The Cary Council, a group that supports the Southwestern Medical Foundation and UT Southwestern Medical Center, recently announced grant recipients of funds raised to support early-stage research from their 2021 “An Evening with DocStars at Home” event. During the drive-thru celebration, The Cary Council provided grants to three early-career researchers at UT Southwestern.
This year’s winners, Emily H. Adhikari, M.D., Owoicho Adogwa, M.D., M.P.H., and Samuel John, M.D., were selected by The Cary Council’s Steering Committee from a group of researchers nominated by David Russell, Ph.D., Vice Provost and Dean of Basic Research, and UT Southwestern leadership.
Dr. Adhikari’s project focuses on COVID-19’s effect on pregnant women and their babies and how vaccination can protect them. Dr. Adogwa is one of few surgeons in the world cross trained in both orthopedic spine surgery and neurosurgery. His project is in improving the treatment of patients with complex spinal conditions. Dr. John’s research project includes immunotherapy and cell therapy in cancer.

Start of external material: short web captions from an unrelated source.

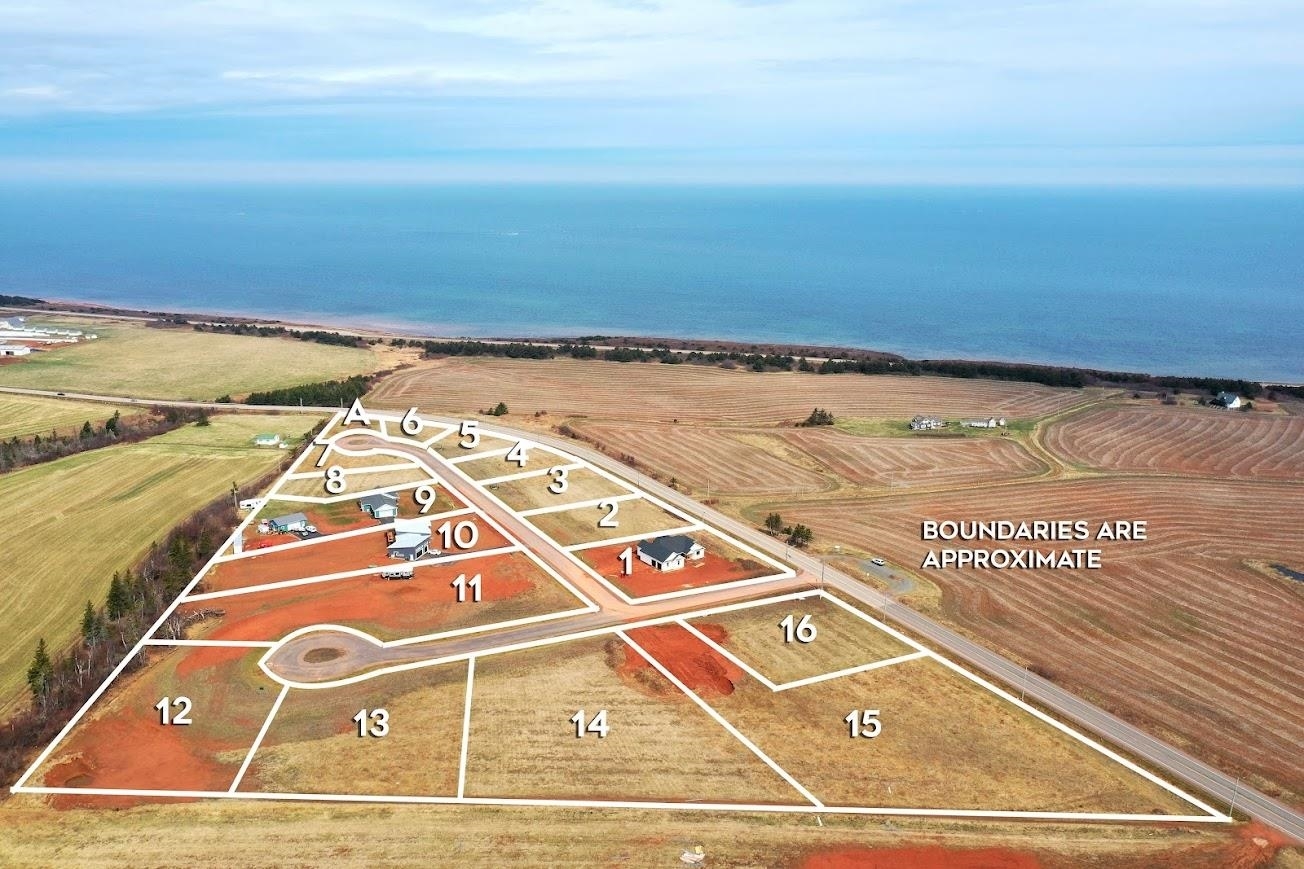 Property Photo: Lot 14 Brians Lane PE C0A 1N0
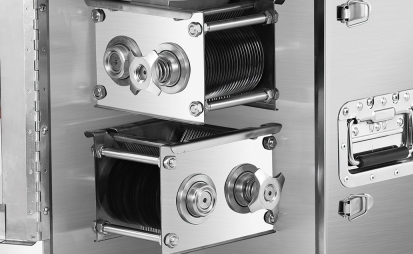 قطاعة شرائح اللحم المبشور3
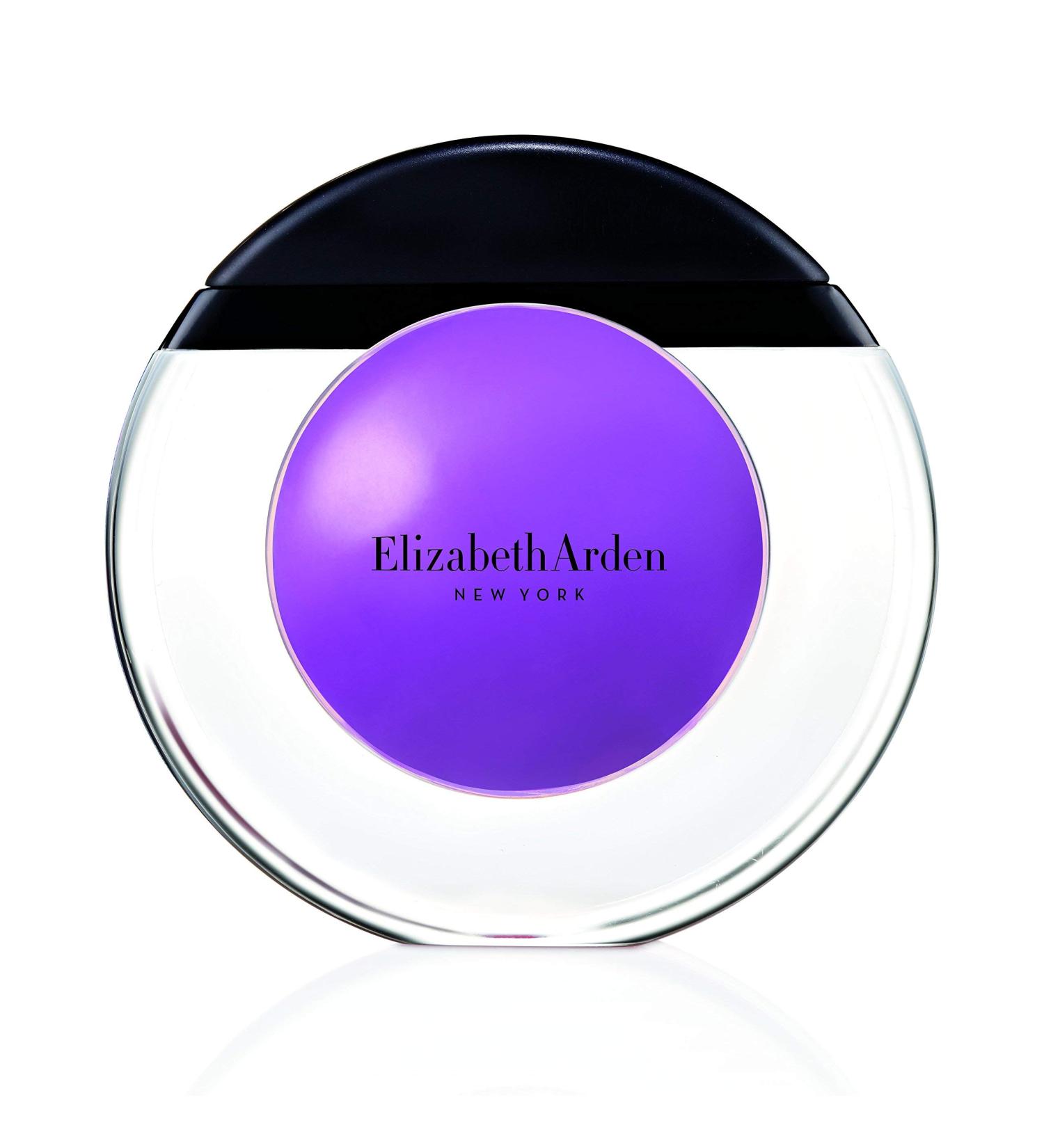 Elizabeth Arden Tropical Escape Lip Oil 7ml Purple Serenity - Buy Online on SooperMarket.com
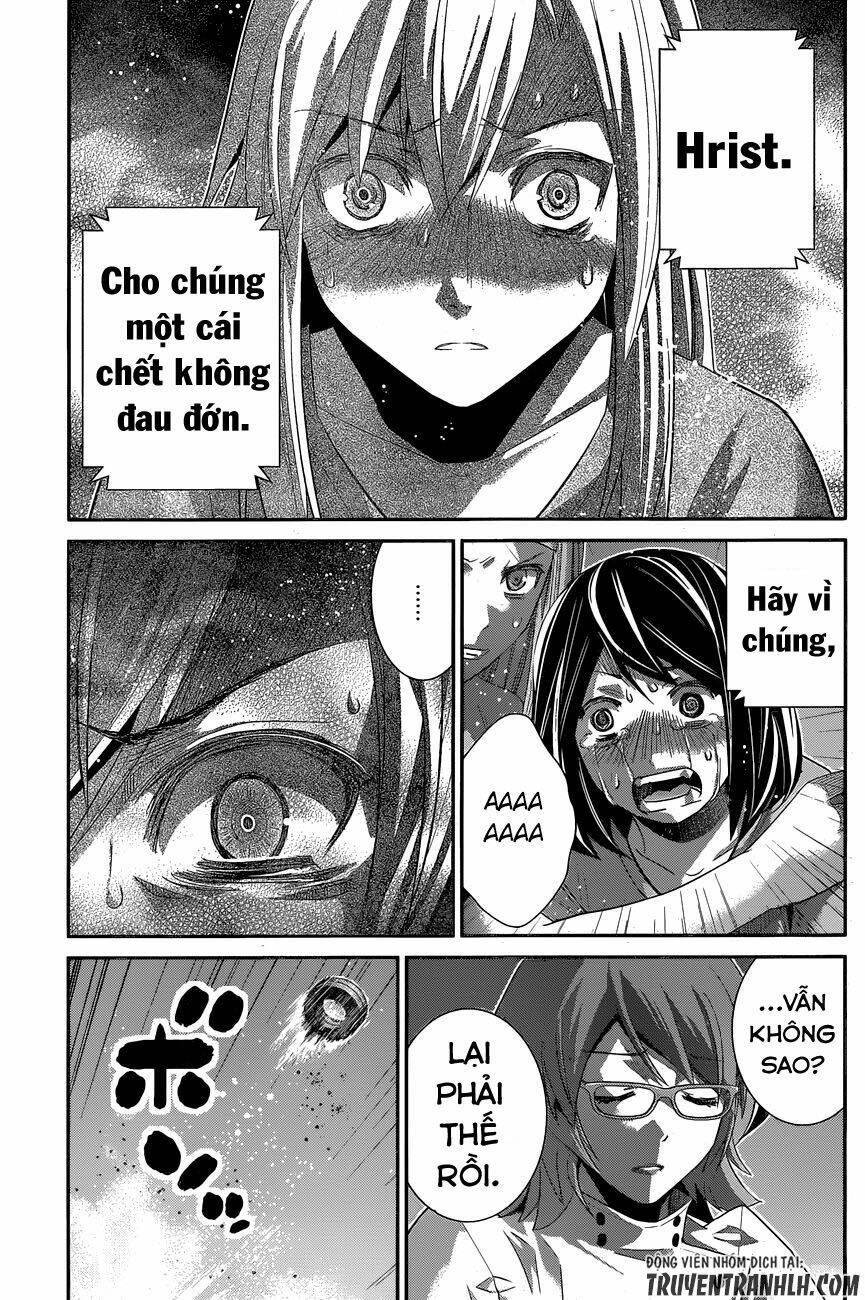 Cô Ấy Là Kuroneko Chương 159 Ảnh 14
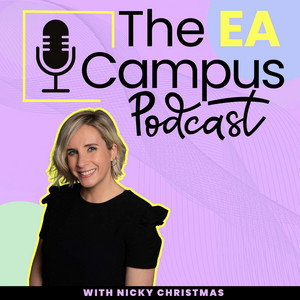 Relaunch Your Career | Podcast on Spotify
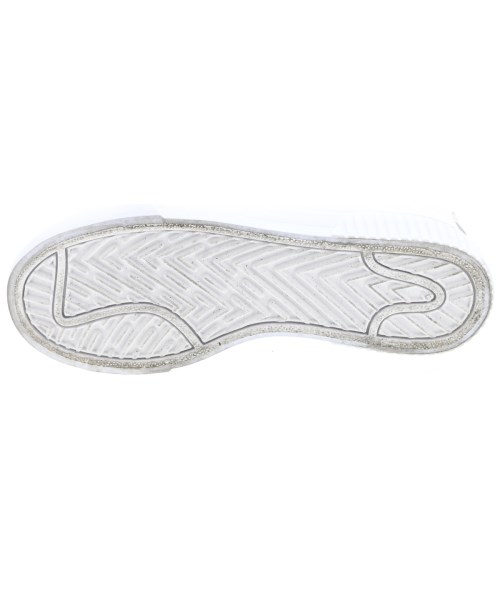 NIKE（ナイキ）スニーカー 白 サイズ:23.5cm レディース/2200717848164
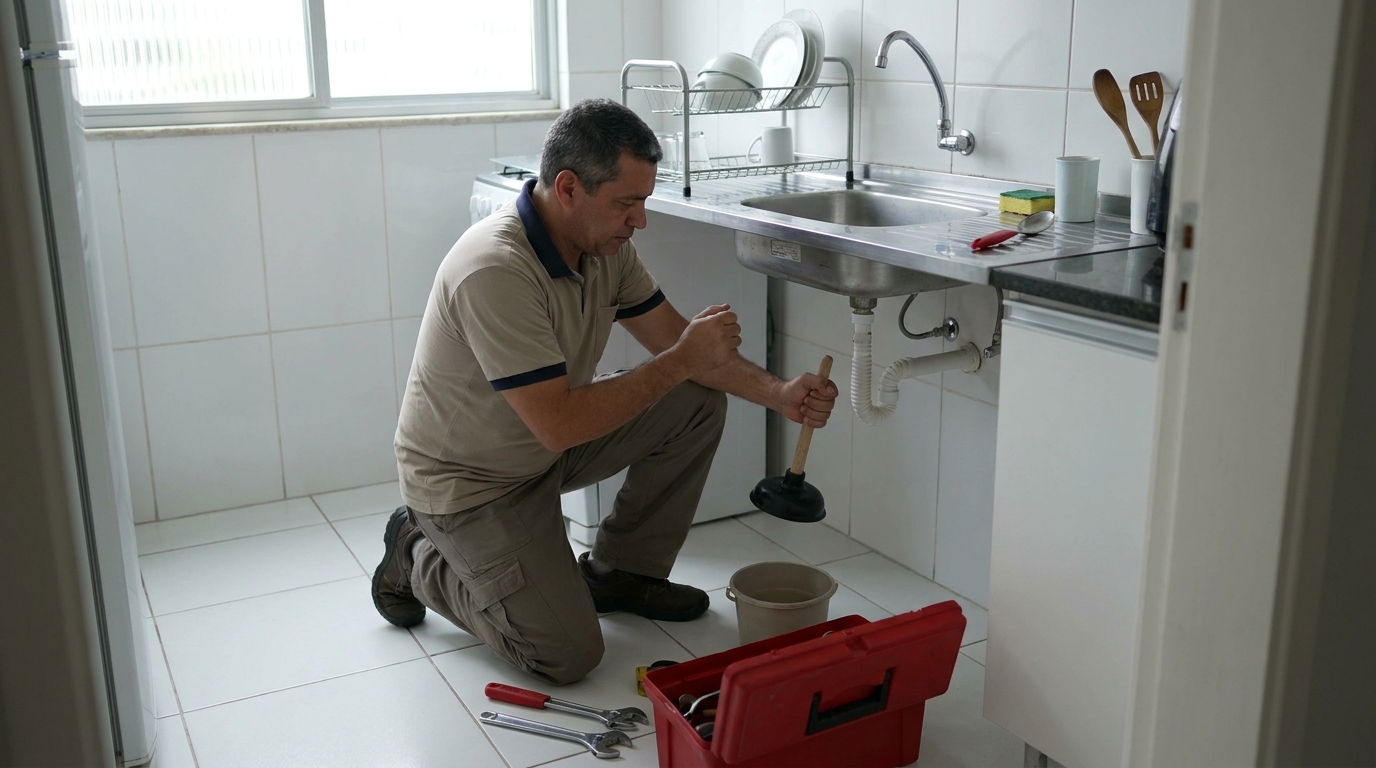 Remoção de Restos no Bosque dos Eucaliptos, São José dos Campos‑SP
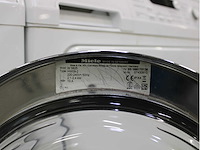 Miele w 5825 softcare system wasmachine & miele t 8823 c softcare system wasdroger - afbeelding 5 van  8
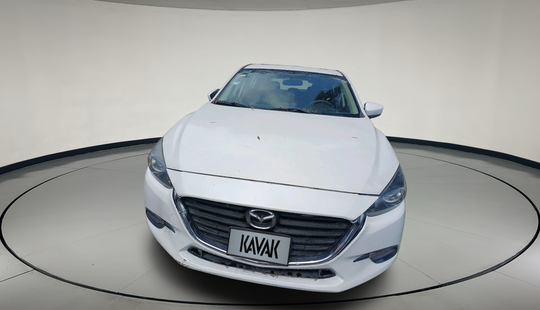 Mazda • Mazda 3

“Advancing impactful research has been at the core of UT Southwestern’s mission for decades,” said Dr. Daniel K. Podolsky, president of UT Southwestern. “Funds raised through The Cary Council have supported our investigators who are early in their careers, enabling them to accelerate the momentum of their innovative research.”
“The connection between our business and medical leadership will continue to thrive in the next generation thanks to the tremendous dedication we have witnessed across The Cary Council,” said Kathleen M. Gibson, president and CEO of Southwestern Medical Foundation. “They are stepping up to lead our region forward during one of the most dynamic periods we have seen, and we are extremely proud to support their mission and their work.”
Stations along the drive-thru route of the event provided guests with several giveaway items, including swag bags, gourmet treats, coloring activities for children, and take-home science kits designed by former grant recipients and inspired by the research they are conducting in their respective labs.
From a distance, guests also had the opportunity to meet this year’s grant recipients and several from previous years, including Dr. David Greenberg, a grant recipient in 2018 and expert on infectious diseases and the global antibiotic resistance crisis. His lab monitors global antibiotic resistance and will study long-term damaging health and societal effects a pandemic has on communities.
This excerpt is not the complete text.